_Task objective_
Only the lines from the one containing "Wood Cheese Platter w/Cloche" through the end of the entries are to be copied, exactly and without pictures, please.

_Information provided_
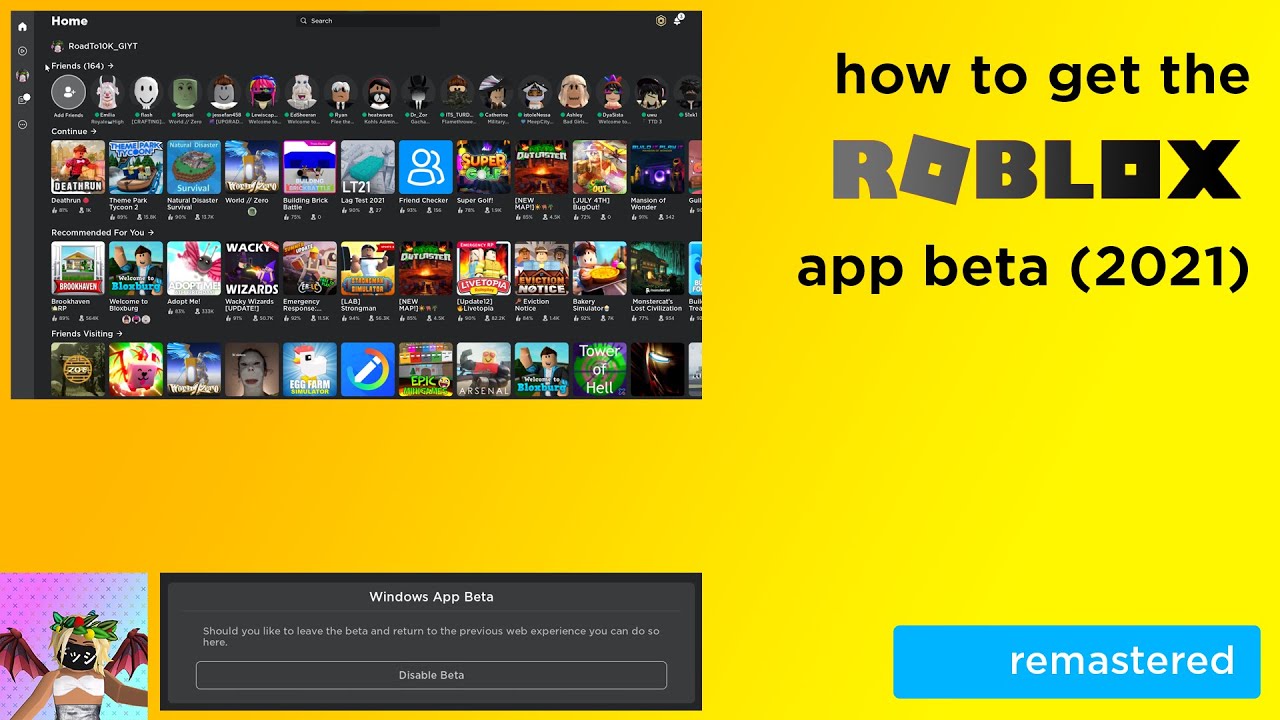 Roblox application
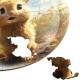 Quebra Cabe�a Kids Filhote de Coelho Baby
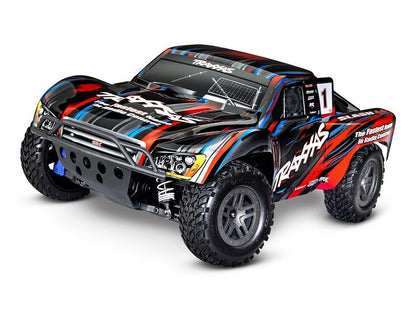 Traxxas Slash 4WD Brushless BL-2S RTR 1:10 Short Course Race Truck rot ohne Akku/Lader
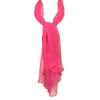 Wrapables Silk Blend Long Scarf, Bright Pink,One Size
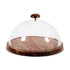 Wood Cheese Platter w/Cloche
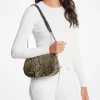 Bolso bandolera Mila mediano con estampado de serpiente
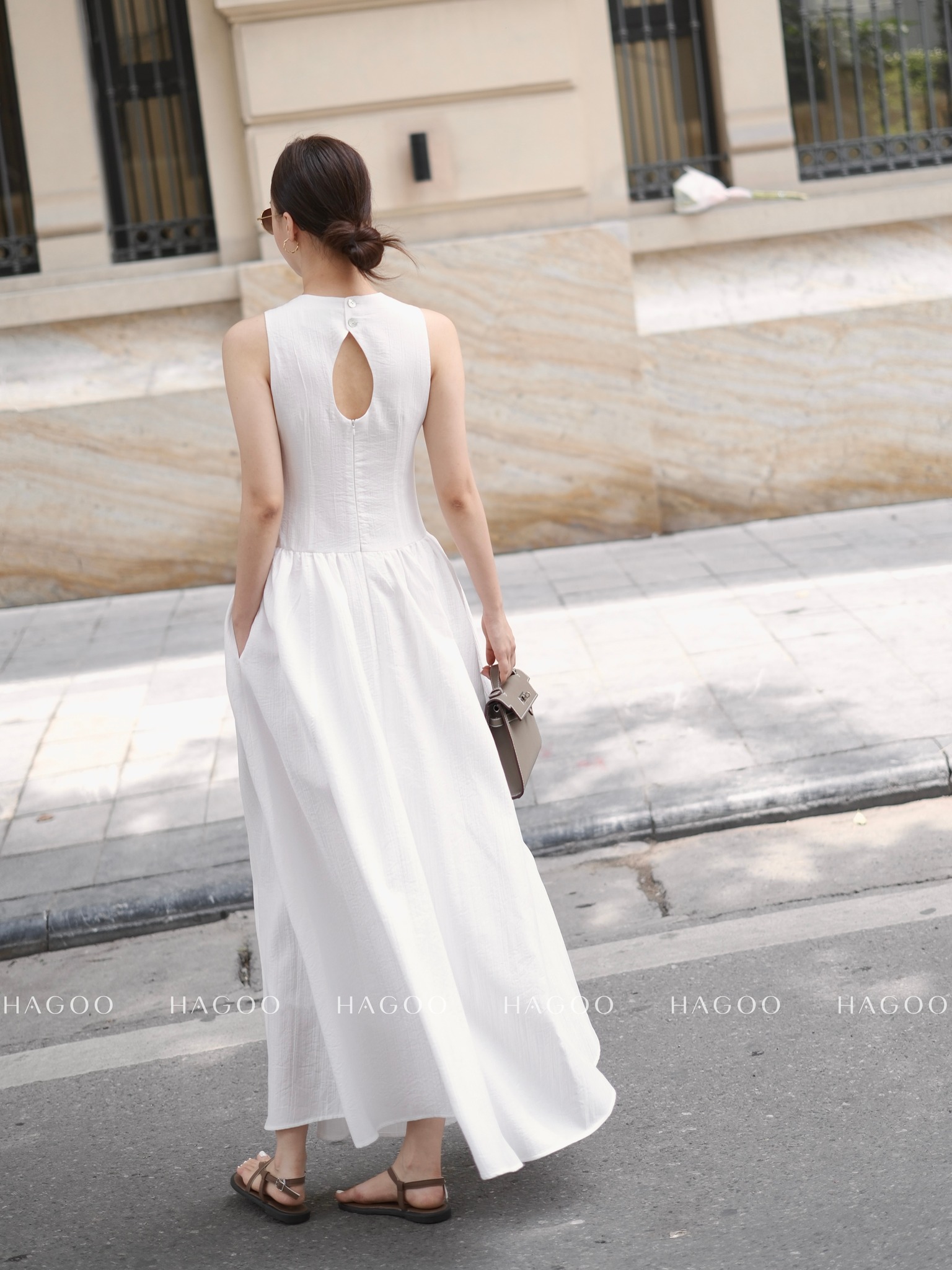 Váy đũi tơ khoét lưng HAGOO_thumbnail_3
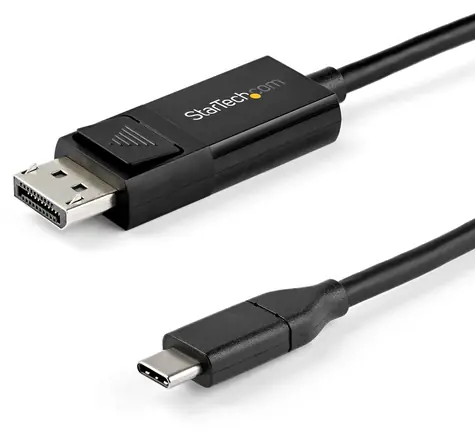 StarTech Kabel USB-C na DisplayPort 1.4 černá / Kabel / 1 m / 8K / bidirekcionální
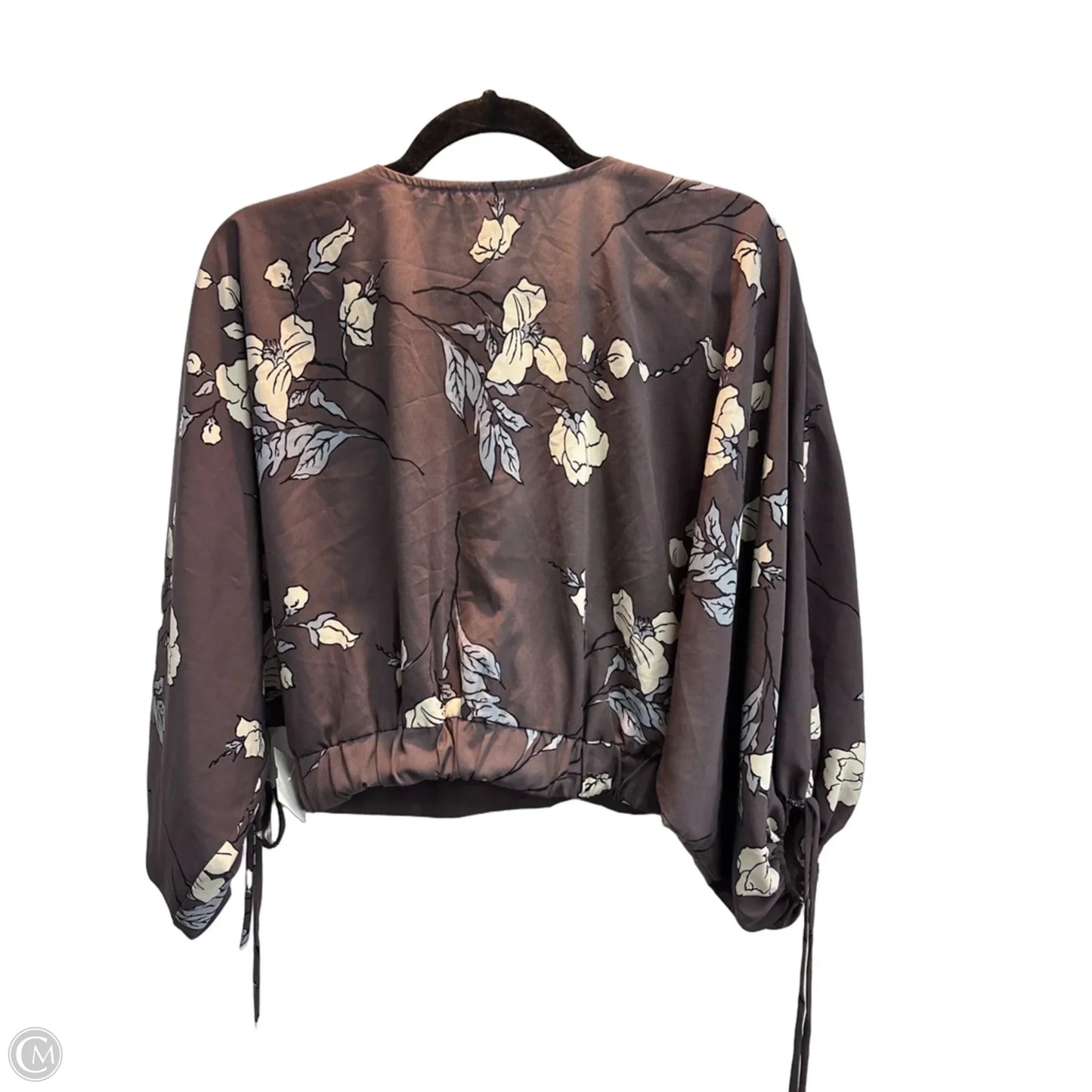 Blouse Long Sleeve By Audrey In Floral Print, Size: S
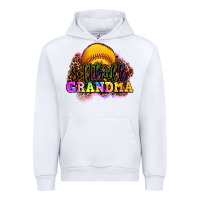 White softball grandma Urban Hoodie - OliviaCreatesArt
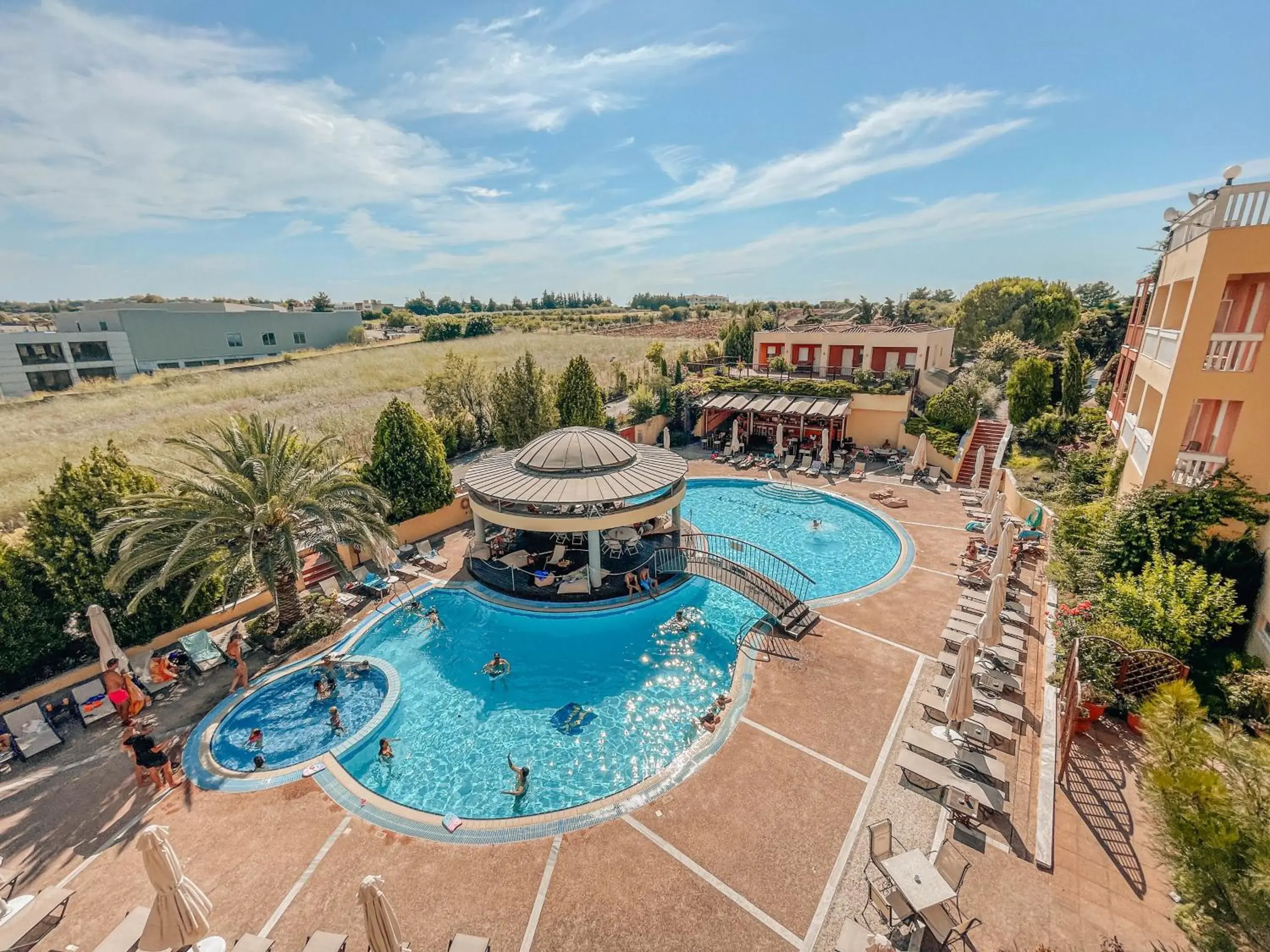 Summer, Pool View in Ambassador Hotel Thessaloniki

_Written solution_
 Wood Cheese Platter w/Cloche
 Bolso bandolera Mila mediano con estampado de serpiente
 Váy đũi tơ khoét lưng HAGOO_thumbnail_3
 StarTech Kabel USB-C na DisplayPort 1.4 černá / Kabel / 1 m / 8K / bidirekcionální
 Blouse Long Sleeve By Audrey In Floral Print, Size: S
 White softball grandma Urban Hoodie - OliviaCreatesArt
 Summer, Pool View in Ambassador Hotel Thessaloniki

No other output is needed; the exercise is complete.